16:17danvet: robclark, incremental is a lot better
17:27mlankhorst: done
17:28mlankhorst: drm-misc-next is closed!
17:38javierm: danvet, jfalempe: any idea how my patch could had made things worse? That's very surprising... https://lists.freedesktop.org/archives/dri-devel/2023-April/399981.html
19:17DavidHeidelberg[m]: robclark: a630 showing huge performance boost, any particular commit you suspect? :D https://gitlab.freedesktop.org/mesa/mesa/-/issues/7144#note_1865796
19:37DavidHeidelberg[m]: gallo: performance go brrrrr ^ :)

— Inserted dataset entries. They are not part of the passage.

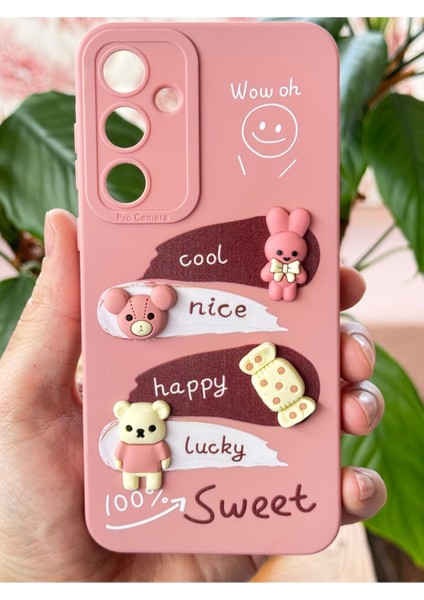 Samsung Galaxy M34 Uyumlu Kılıf Tasarımlı Desenli Kamera Korumalı Tavşan Pembe Yumuşak Silikon Kapak fiyatları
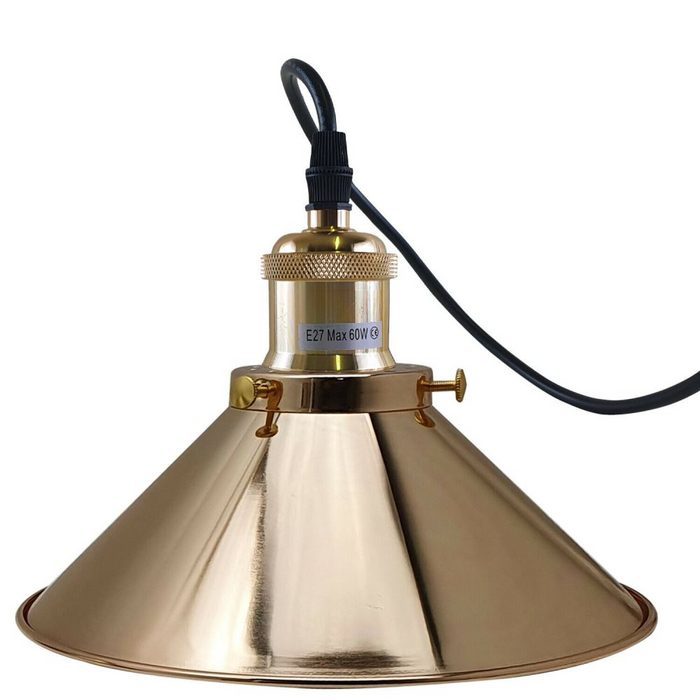 French Gold 3 Head Vintage Industrial Retro Loft Style Metal Ceiling Lampshade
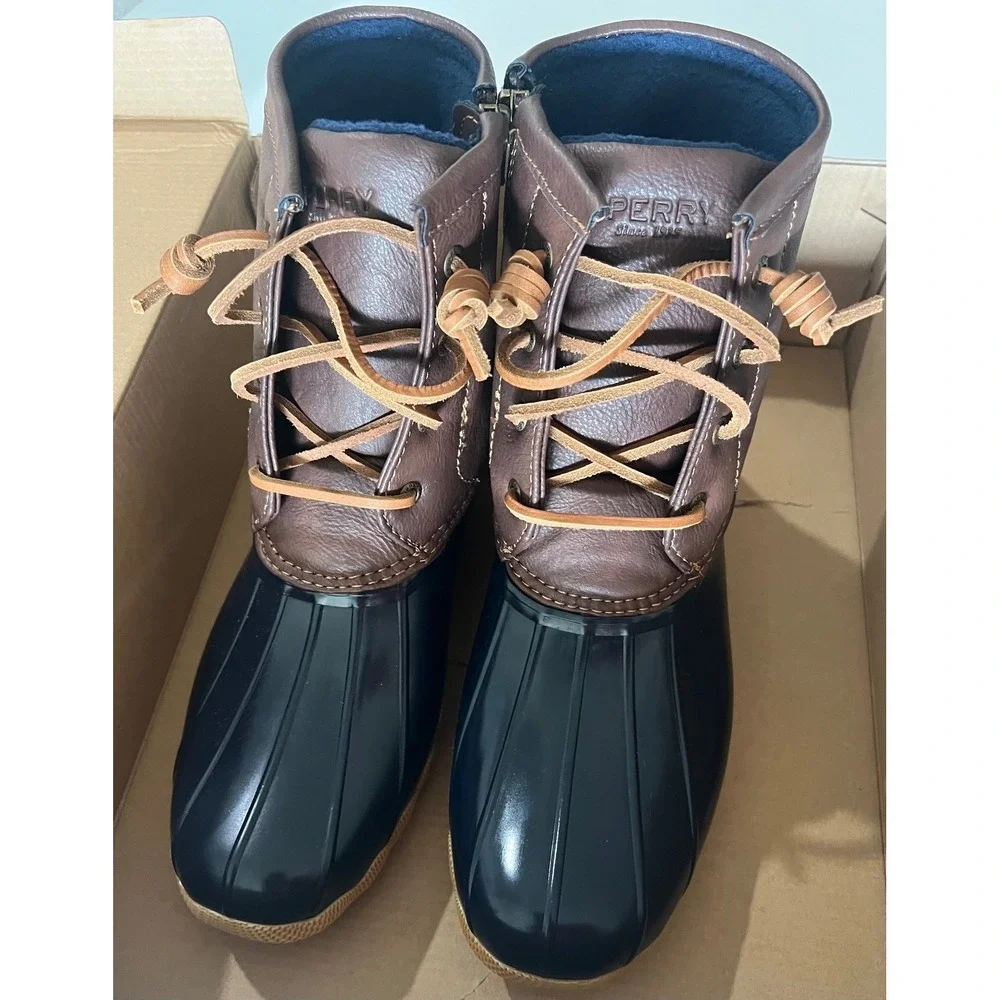 Sperry Saltwater Kids Girls Navy Rubber Rain Boots Size 6M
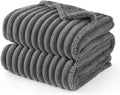 Bedsure ComfyFleece Waterproof Dog Blankets for Large Dogs - Soft Pet Cat Blanket Corduroy Fleece for Bed Protector Washable, Cozy Calming Reversible Furniture Protection,60"x80", Warm Grey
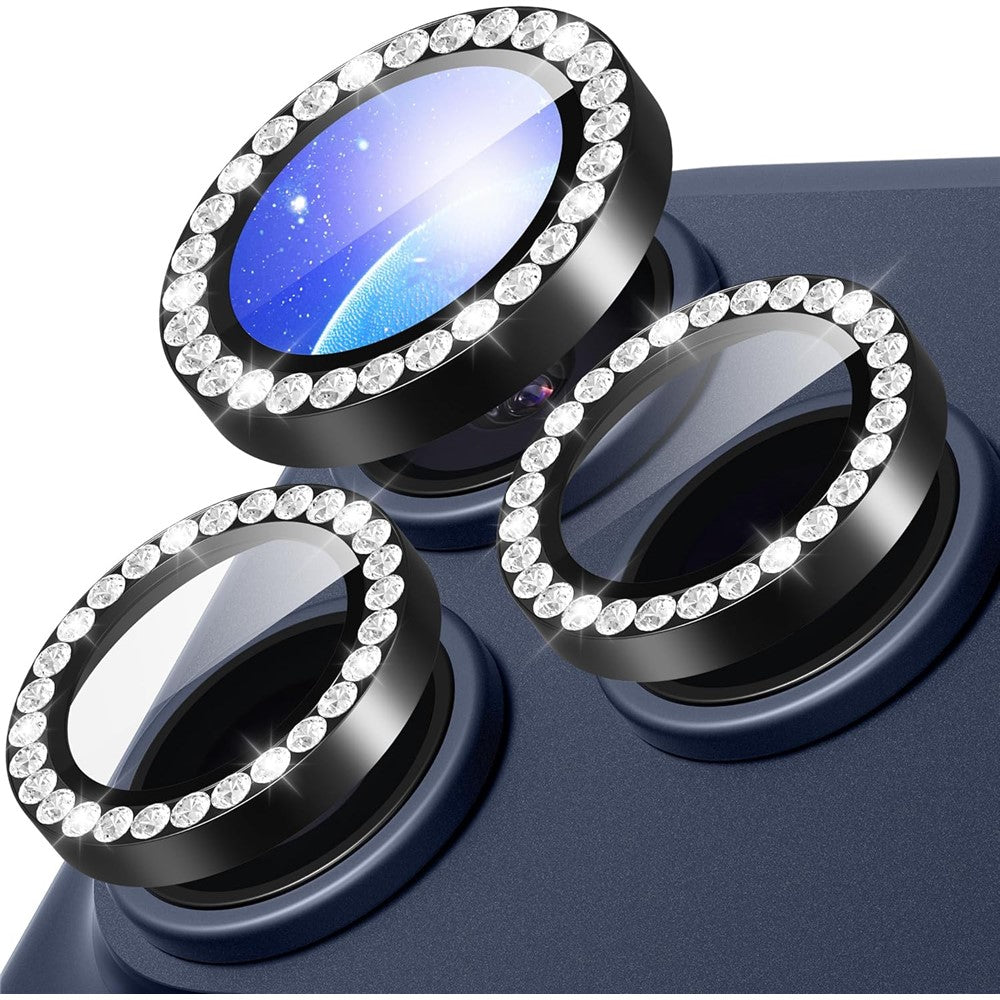 1 sæt til iPhone 18 Pro Max kameralinsebeskytter hærdet glas + metalring rhinestones linsefilm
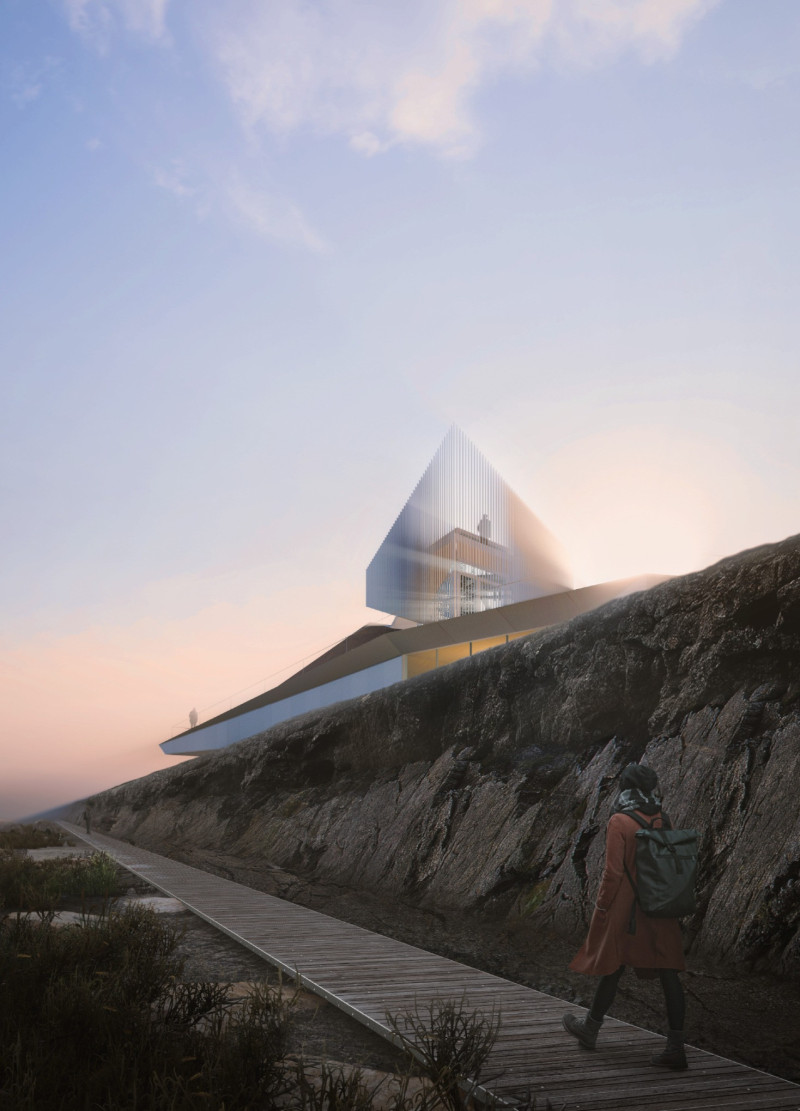Aluminum Crown With Laminated Timber Structure Overlooking Unique Geological Features
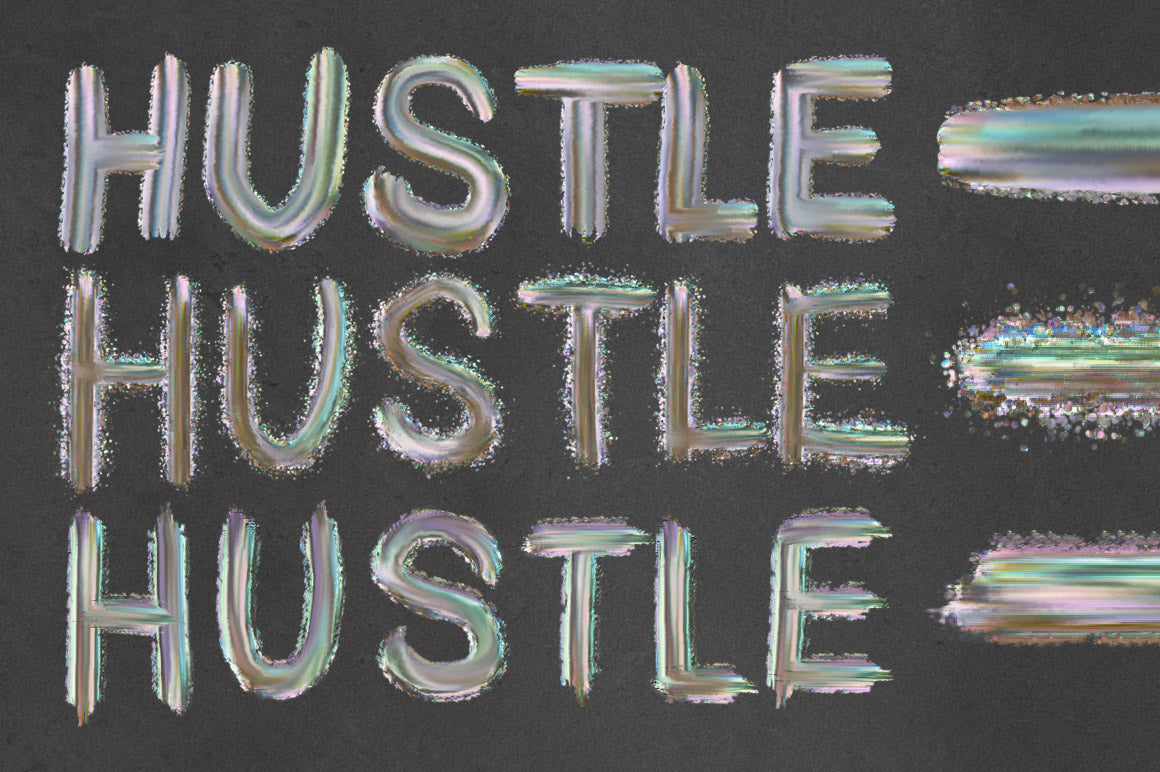 Wet Paint Photoshop Color-Blending Mixer Brushes, painted lettering sample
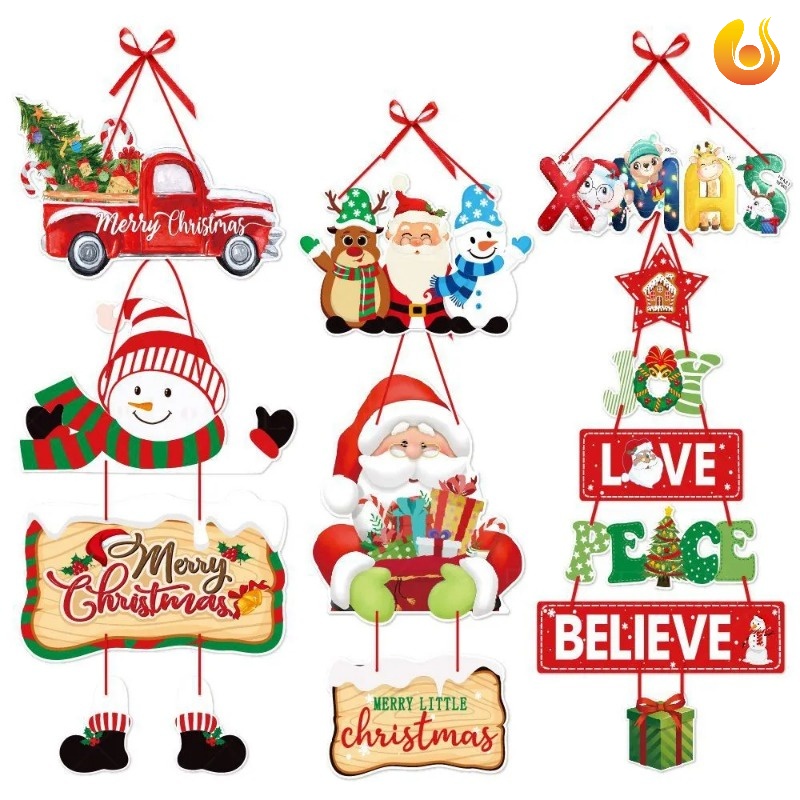 ธงแบนเนอร์กระดาษ ลาย Welcome Merry Christmas สําหรับแขวนตกแต่งประตู เทศกาลคริสต์มาส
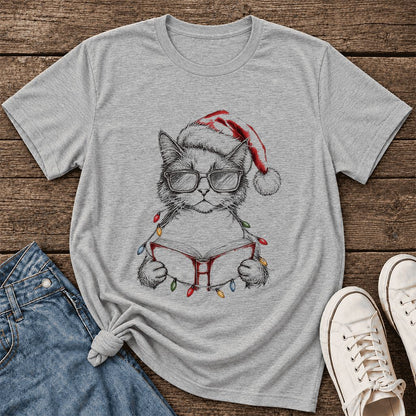 Cat Wearing Christmas Hat Ultra-Soft Cotton T-Shirt | Cat Lover Reader Gift Athletic Heather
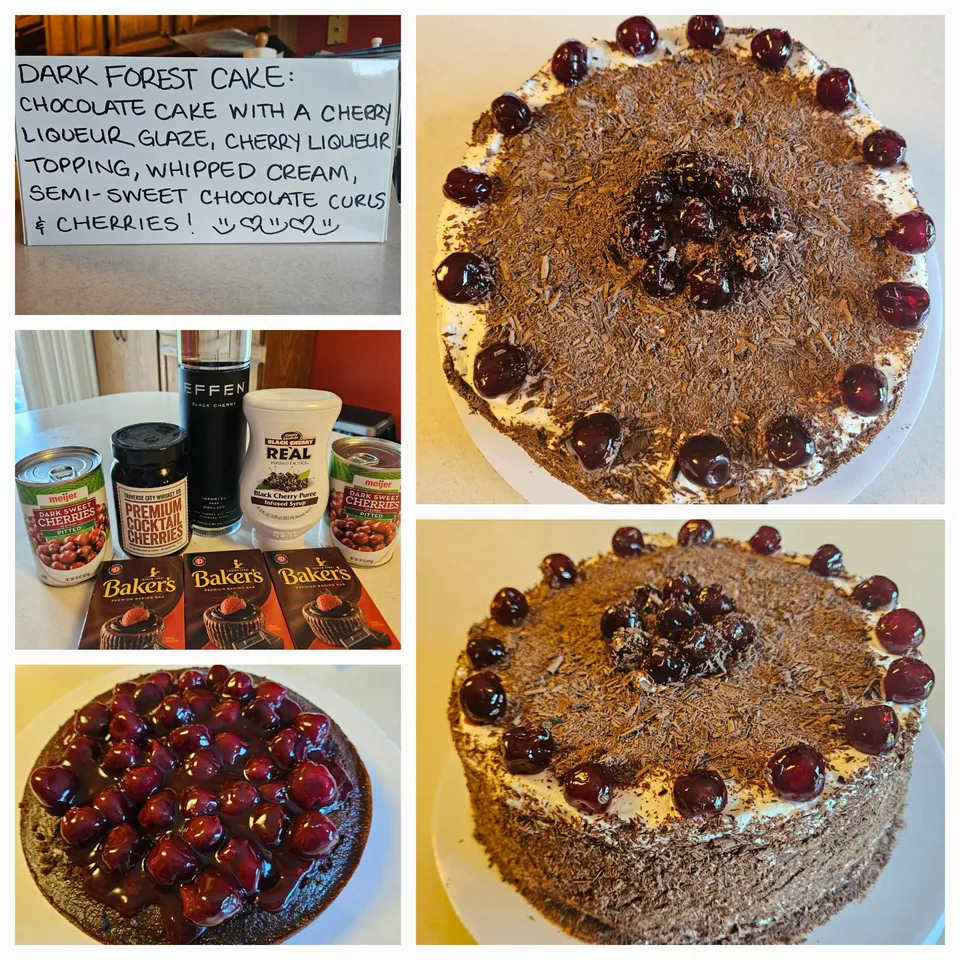 Dark forest cake with cherries, chocolate, and a cream topping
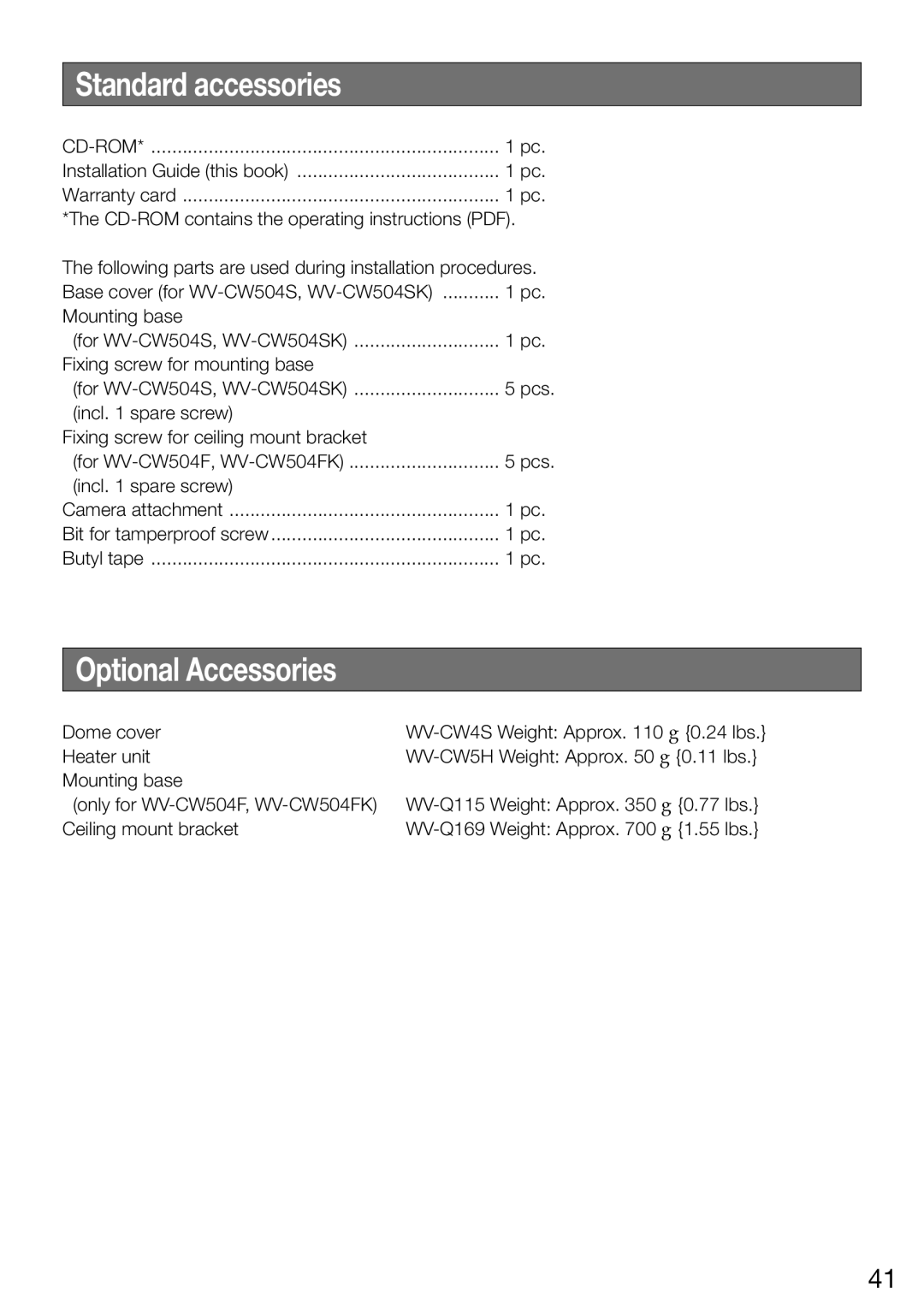 Panasonic WV-CW504SK, WV-CW504FK WV-CW504S manual Standard accessories, Optional Accessories 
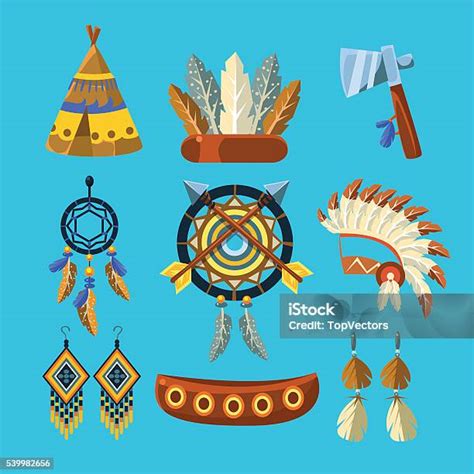 North American Indians Culture Set Stock Illustration - Download Image ...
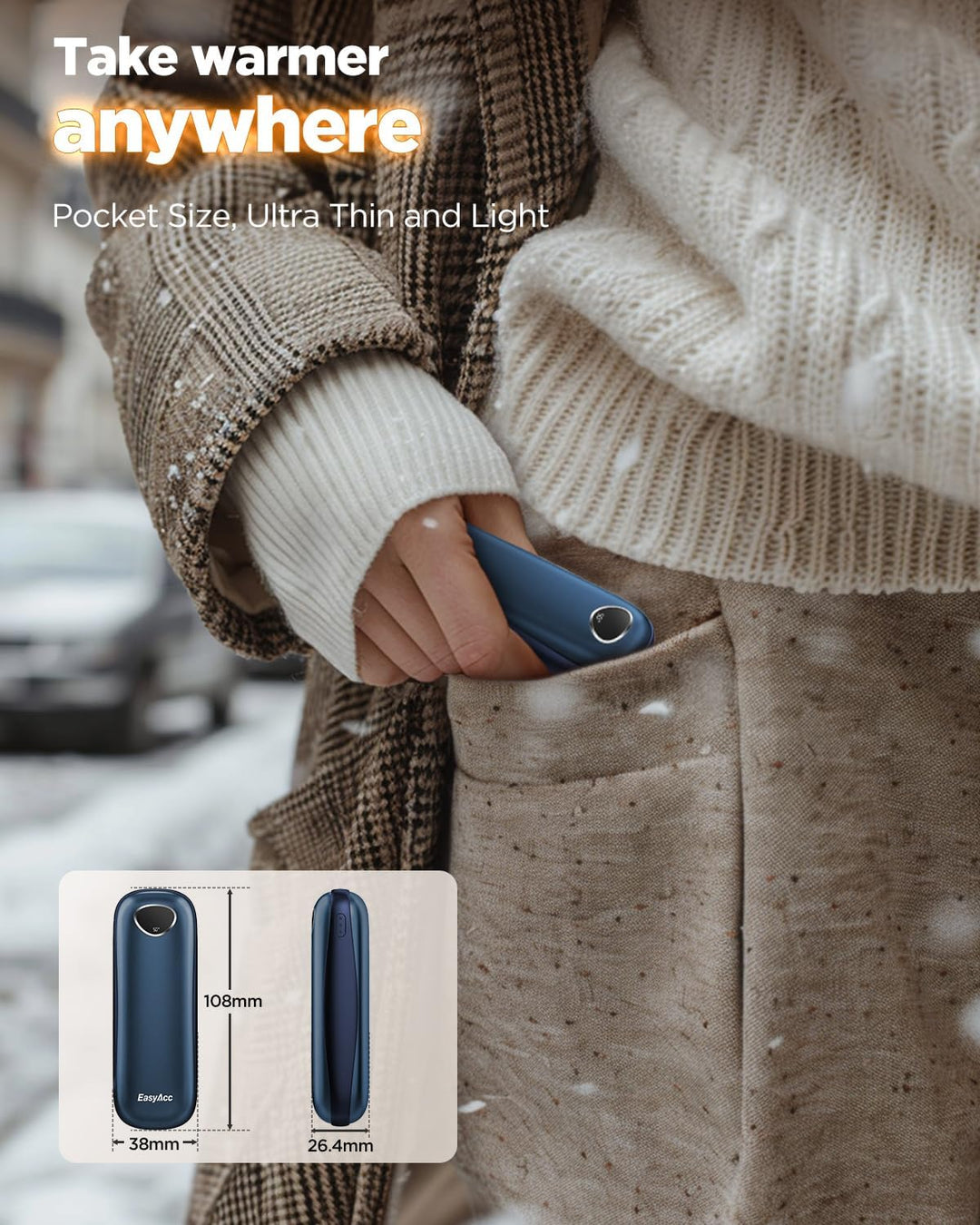 Handwärmer Elektrisch 10000mAh,EasyAcc 2er-Pack Handwärmers,3 Heating Modes Rechargeable Pocket Hand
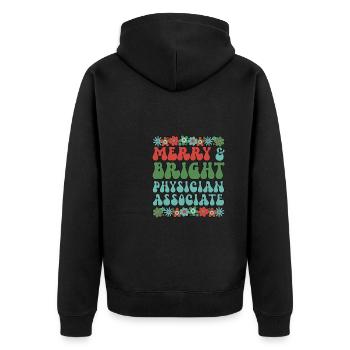 Physician Associate Christmas PA Xmas Gifts - Unisex Premium Organic Zip Hoodie - black - Back - Nico (187cm)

19:57DavidHeidelberg[m]: this could be offender: https://gitlab.freedesktop.org/mesa/mesa/-/merge_requests/22148 but most likely this one: https://gitlab.freedesktop.org/mesa/mesa/-/merge_requests/22098
20:22robclark: more likely the latter
20:24robclark: there was also a kernel fix for anything doing short duration (<10ms) fence waits.. not sure if that shows up in any traces (stk does this)
20:25robclark: (hmm, well the kernel fix might actually make the trace appear slower since the trace is just a pre-recorded # of fence waits and nothing to do with reality)
21:25karolherbst: dcbaker: seems like bindgen is doing incompatible changes and we have to know the version in meson :(
22:46Lynne: ishitatsuyuki: any ideas on how to fix this?